== Segment start ==
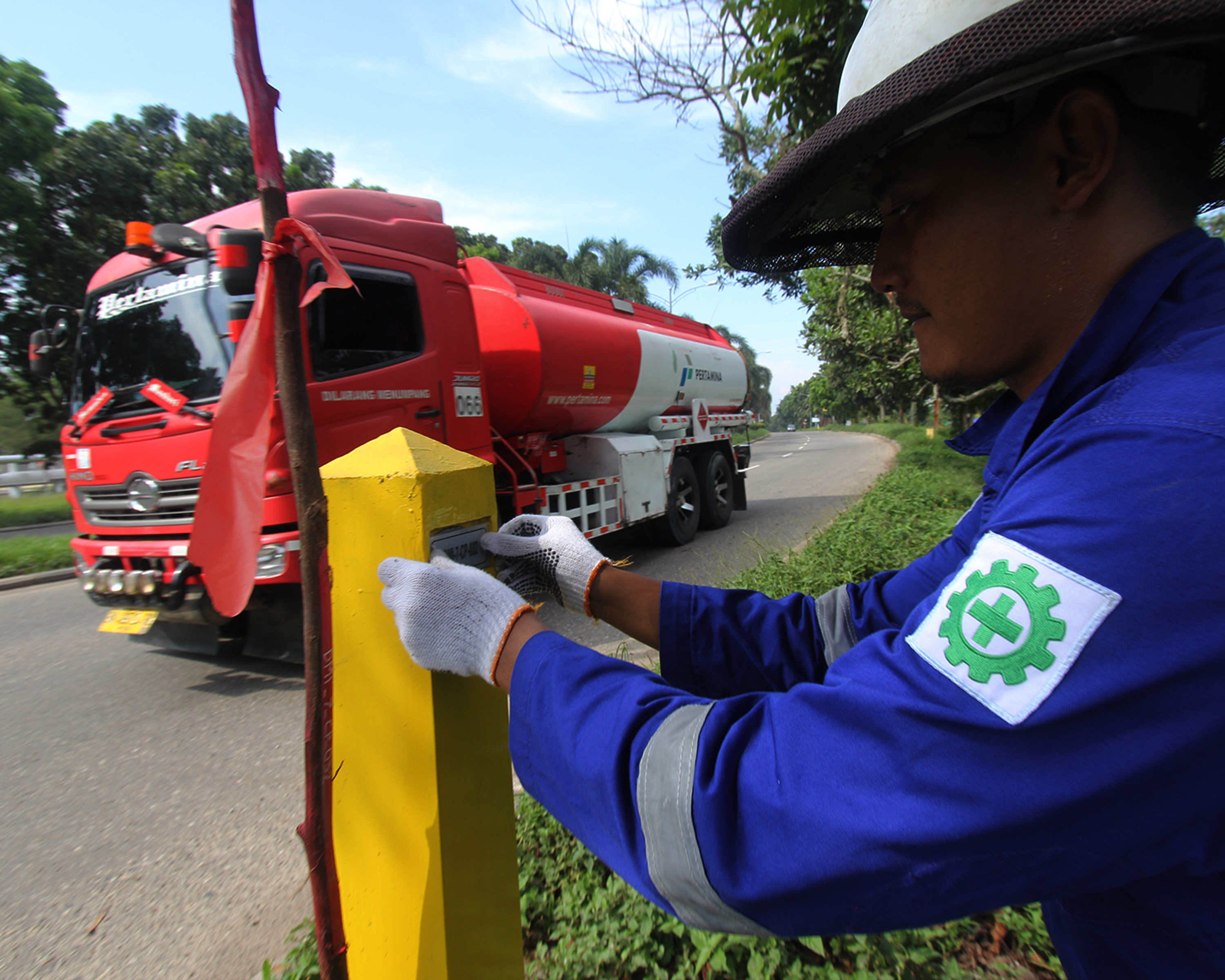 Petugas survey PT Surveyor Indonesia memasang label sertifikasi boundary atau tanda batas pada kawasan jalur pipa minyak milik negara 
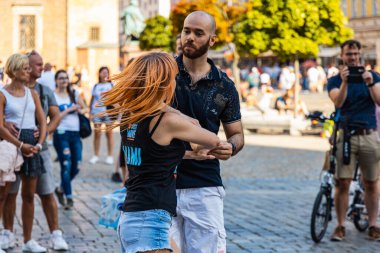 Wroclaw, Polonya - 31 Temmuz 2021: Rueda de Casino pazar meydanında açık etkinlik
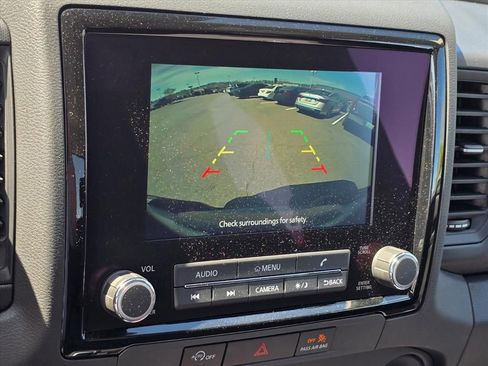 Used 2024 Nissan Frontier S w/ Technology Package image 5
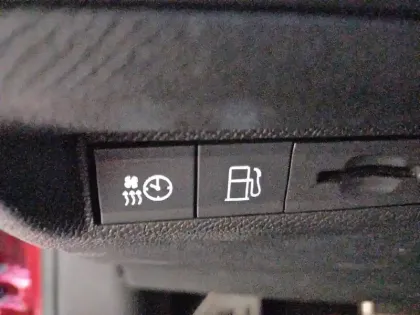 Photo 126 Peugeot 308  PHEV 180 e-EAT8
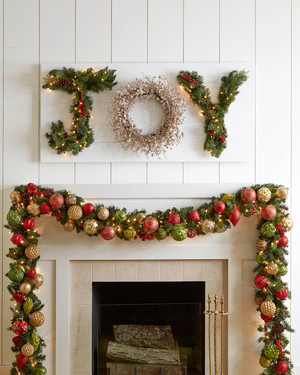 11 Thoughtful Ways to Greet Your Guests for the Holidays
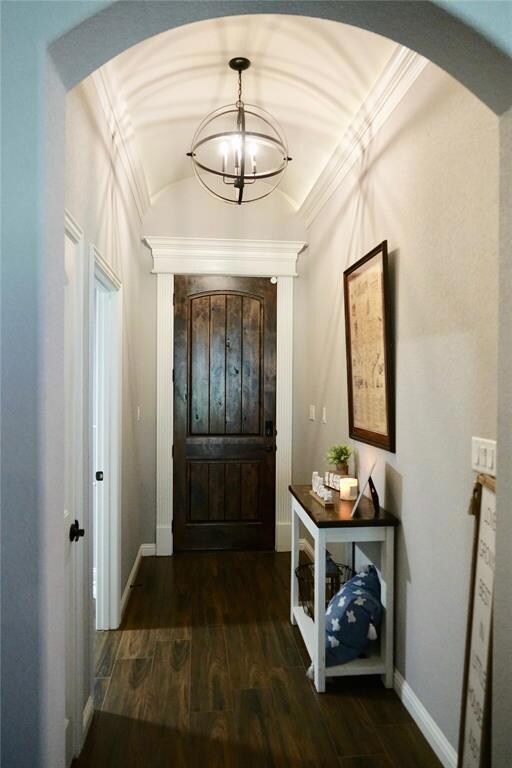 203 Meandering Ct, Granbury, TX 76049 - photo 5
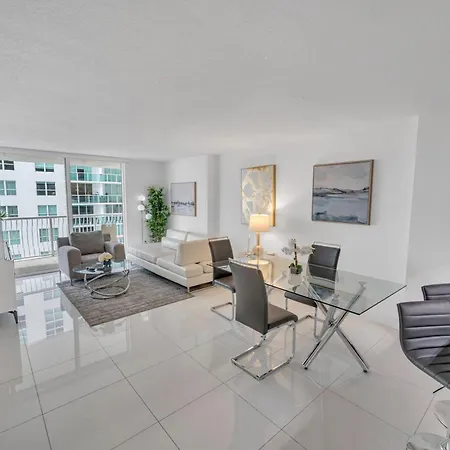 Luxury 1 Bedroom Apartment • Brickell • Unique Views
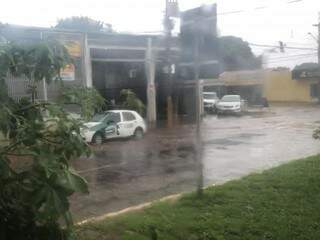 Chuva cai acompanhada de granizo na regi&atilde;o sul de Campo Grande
== Segment end ==
== Segment start ==
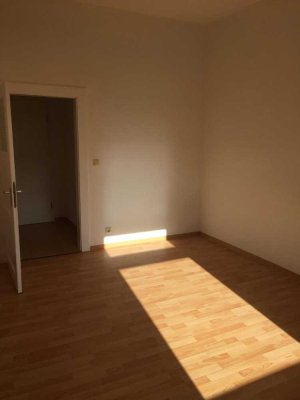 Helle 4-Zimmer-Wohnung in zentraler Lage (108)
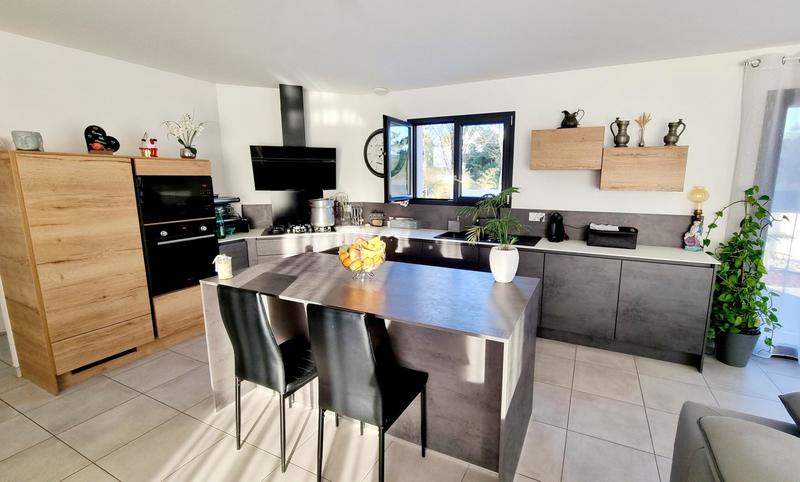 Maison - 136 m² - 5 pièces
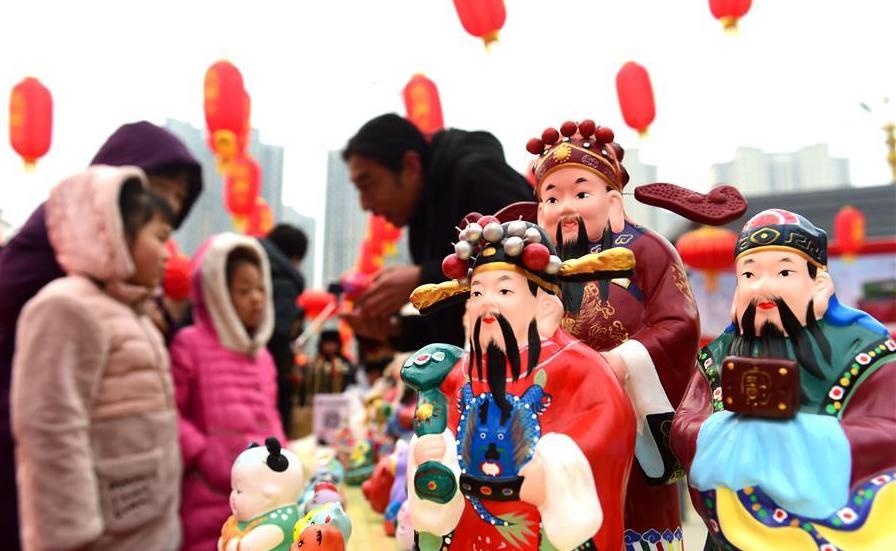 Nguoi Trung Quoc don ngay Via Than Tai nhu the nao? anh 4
== Segment end ==
> WHAT THE EXERCISE ASKS
Nothing but the lines from the one with "Maison - 136 m² - 5 pièces" to the one with "Nguoi Trung Quoc" above, both included, should be transcribed, exactly and without pictures.

> TASK SOLUTION
 Maison - 136 m² - 5 pièces
 Nguoi Trung Quoc don ngay Via Than Tai nhu the nao? anh 4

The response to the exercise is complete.